Work required -
Word for word, copy the line containing "[SOLD OUT] [31~32] 무인양품 LABO 와이드진 데님 청바지" and every line after it in the records below, leaving pictures out.

Record extracts -

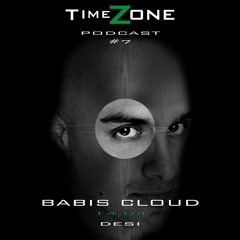 TIMEZONE PODCAST by BABIS CLOUD - 14.04.2018 @ DESI NBG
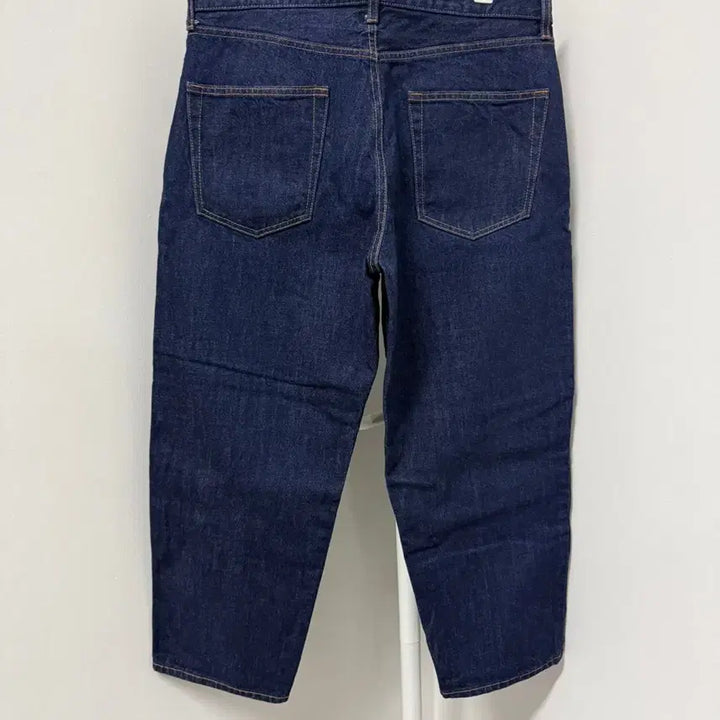 [SOLD OUT] [31~32] 무인양품 LABO 와이드진 데님 청바지
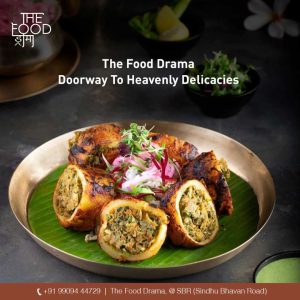 The Food Drama | Best Restaurant in Ahmedabad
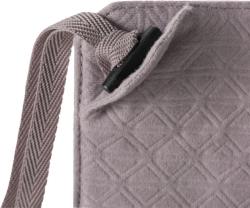 Eagle Creek kapsa na krk Undercover RFID Neck Wallet orchid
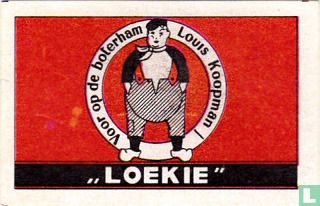 Loekie - Louis Koopman
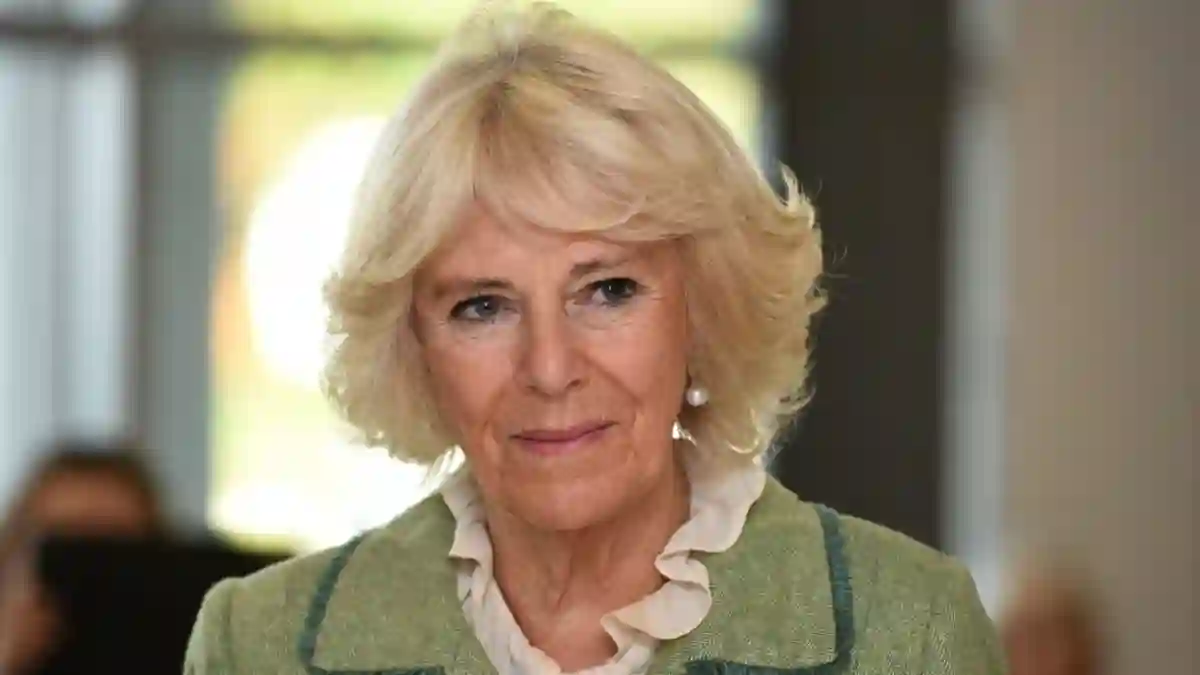 The Duchess Of Cornwall Visits Bath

Response to this exercise -
 [SOLD OUT] [31~32] 무인양품 LABO 와이드진 데님 청바지
 The Food Drama | Best Restaurant in Ahmedabad
 Eagle Creek kapsa na krk Undercover RFID Neck Wallet orchid
 Loekie - Louis Koopman
 The Duchess Of Cornwall Visits Bath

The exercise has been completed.